The fix and a working script
Two changes make the simulation consistent. First, add a steady-state initialization run with IMODE=1 using the first input values. Second, when your first data points represent a good steady-state, call sysid with shift='init'. The script below applies both steps.
import numpy as np
import pandas as pd
import matplotlib.pyplot as plt
from gekko import GEKKO
# Load data
src = 'http://apmonitor.com/dde/uploads/Main/tclab_step_test.txt'
df_raw = pd.read_csv(src)
t_idx = df_raw['Time']
u_mat = df_raw[['Q1', 'Q2']]
y_mat = df_raw[['T1', 'T2']]
# System identification
gm = GEKKO(remote=True)
na_ord, nb_ord = 2, 6
y_hat, theta, kval = gm.sysid(t_idx, u_mat, y_mat, na_ord, nb_ord, diaglevel=1, scale=False, shift='init')
# Plot input and output data with predictions
plt.figure(figsize=(8, 5))
plt.subplot(2, 1, 1)
plt.plot(t_idx, u_mat)
plt.legend([r'$Q_1$', r'$Q_2$'])
plt.ylabel('Inputs')
plt.subplot(2, 1, 2)
plt.plot(t_idx, y_mat)
plt.plot(t_idx, y_hat)
plt.legend([r'$T_{1,meas}$', r'$T_{2,meas}$',
r'$T_{1,pred}$', r'$T_{2,pred}$'])
plt.ylabel('Outputs')
plt.xlabel('Time')
# ARX model for simulation
y_comp, u_comp = gm.arx(theta)
# steady-state initialization
gm.options.IMODE = 1
u_comp[0].value = df_raw['Q1'].values[0]
u_comp[1].value = df_raw['Q2'].values[0]
gm.solve(disp=False)
# dynamic simulation
gm.time = np.linspace(0, 600, 601)
gm.options.IMODE = 4
u_comp[0].value = df_raw['Q1']
u_comp[1].value = df_raw['Q2']
y_comp[0].value = df_raw['T1'][0]
y_comp[1].value = df_raw['T2'][0]
gm.solve(disp=False)
plt.figure(figsize=(10, 6))
plt.subplot(2, 1, 1)
plt.title('Step Test')
plt.plot(gm.time, u_comp[0].value, 'b-', label=r'$Q_1$')
plt.plot(gm.time, u_comp[1].value, 'r-', label=r'$Q_2$')
plt.ylabel('Heater (%)')
plt.legend()
plt.subplot(2, 1, 2)
plt.plot(gm.time, y_comp[0].value, 'b--', label=r'$T_1$')

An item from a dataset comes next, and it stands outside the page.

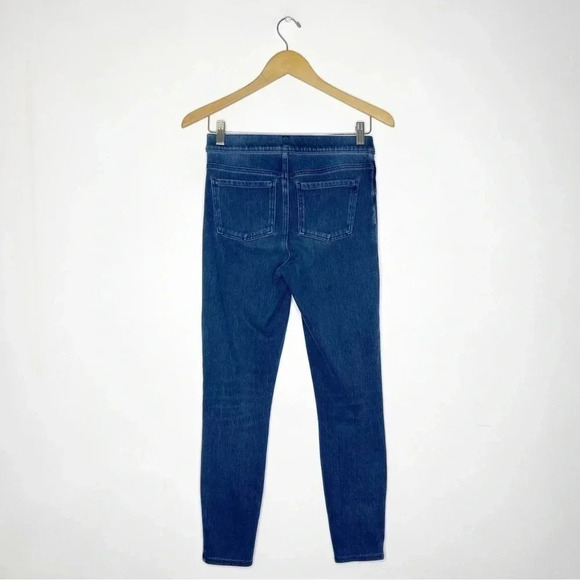Spanx Pull On High Waist Jean-ish Denim Leggings Size Small 4/6 - Picture 5 of 7
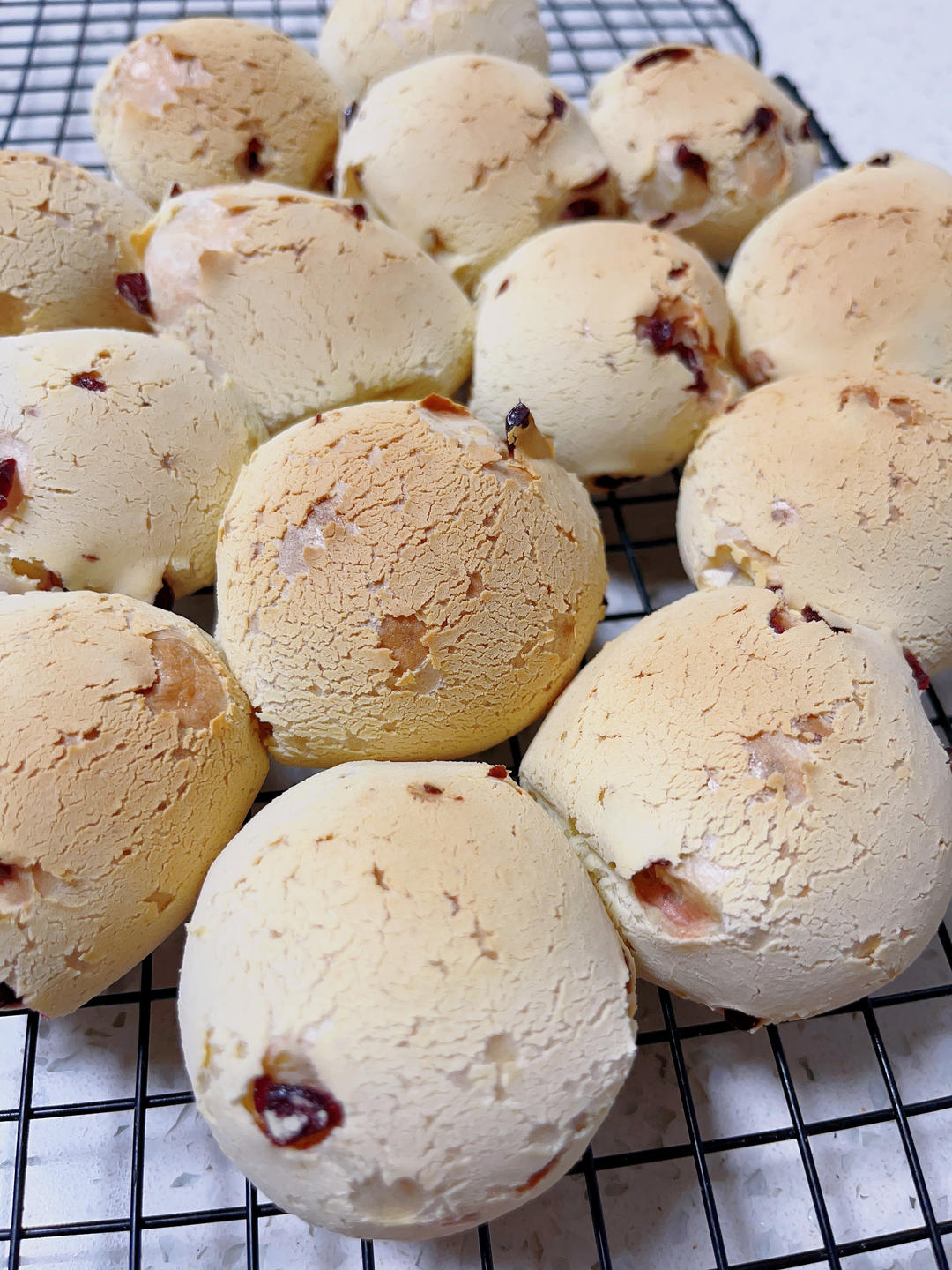 恐龙蛋·麻薯面包·麻薯包 自己做了1000➕的私人配方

plt.plot(gm.time, y_comp[1].value, 'r--', label=r'$T_2$')
plt.plot(t_idx, y_mat, 'k-', label='Measured')
plt.ylabel('Temperature (K)')
plt.xlabel('Time (sec)')
plt.legend()
plt.tight_layout()
plt.savefig('results.png', dpi=300)
plt.show()
Why this matters
Order selection in ARX models directly affects how much past information the model uses. If the simulation doesn’t start from a consistent steady state, higher-order history terms immediately pollute the trajectory. Proper initialization ensures the dynamic history aligns with the identified model, so step tests and other scenarios behave sensibly across different na values.
Wrap-up
If a Gekko ARX simulation explodes when na>1, initialize the model in steady state before the dynamic run and let sysid align the series with shift='init' when the first samples are steady. This keeps the identified dynamics and the simulation start aligned, so you can push na higher without destabilizing the results, and run step tests that reflect your real initial conditions.